Kinder- & Jugendärzte im Netz

Ihre Haus- und Fachärzte von der Geburt bis zum vollendeten 18. Lebensjahr

Herausgeber:

Notzeiten erhöhen das Risiko für elterliches Fehlverhalten

In schwierigen Situationen, nach stressvollen Familientragödien, Naturkatastrophen oder bei finanziellen Problemen häufen sich die körperlichen Misshandlungen von Kindern. Zu diesem Ergebnis kommen amerikanische Forscher. Sie stellten seit Beginn der Rezession eine deutliche Zunahme von Kopfverletzungen und Schütteltraumatas bei Kindern fest, die auf elterliches Fehlverhalten zurückzuführen sind ...

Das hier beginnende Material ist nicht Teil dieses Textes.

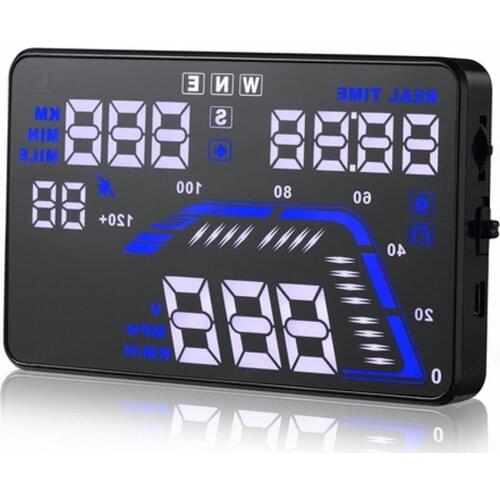With GPS 5.5 inch HD Auto Universal HUD display Q7 Overspeed Warning Windshield Projector Multi-colorcar head up display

Amerikanische Forscher beobachteten, dass in Notzeiten körperliche Misshandlung von Kindern tendenziell zunehmen. Anlass für ihre Hypothese ist die große Zahl von Kopfverletzungen und Schütteltraumata während der aktuellen Rezession. „Kopfverletzungen aufgrund Schütteltraumata gehören zu den Haupttodesursachen bei Kindesmisshandlungen. Stressvolle Lebensereignisse, wie Familientragödien, Naturkatastrophen oder finanzieller Ruin führen Eltern an die Grenzen ihrer Belastbarkeit, sodass sie bei zusätzlichen Stressoren leichter überreagieren – z.B. wenn sie mit einem Schreibaby konfrontiert sind – und das Baby schütteln. Dies verursacht bei kleinen Kindern mit noch schwacher Nackenmuskulatur schwere Kopfverletzungen, u.a. durch Gehirnblutungen“, erklärt Prof. Hans-Jürgen Nentwich, Kinder- und Jugendarzt sowie Vorstandsmitglied des Berufsverbandes der Kinder- und Jugendärzte (BVKJ). In wirtschaftlich schwierigen Situationen gibt es i.d.R. auch weniger staatliche Hilfen und Unterstützungsangebote für Eltern.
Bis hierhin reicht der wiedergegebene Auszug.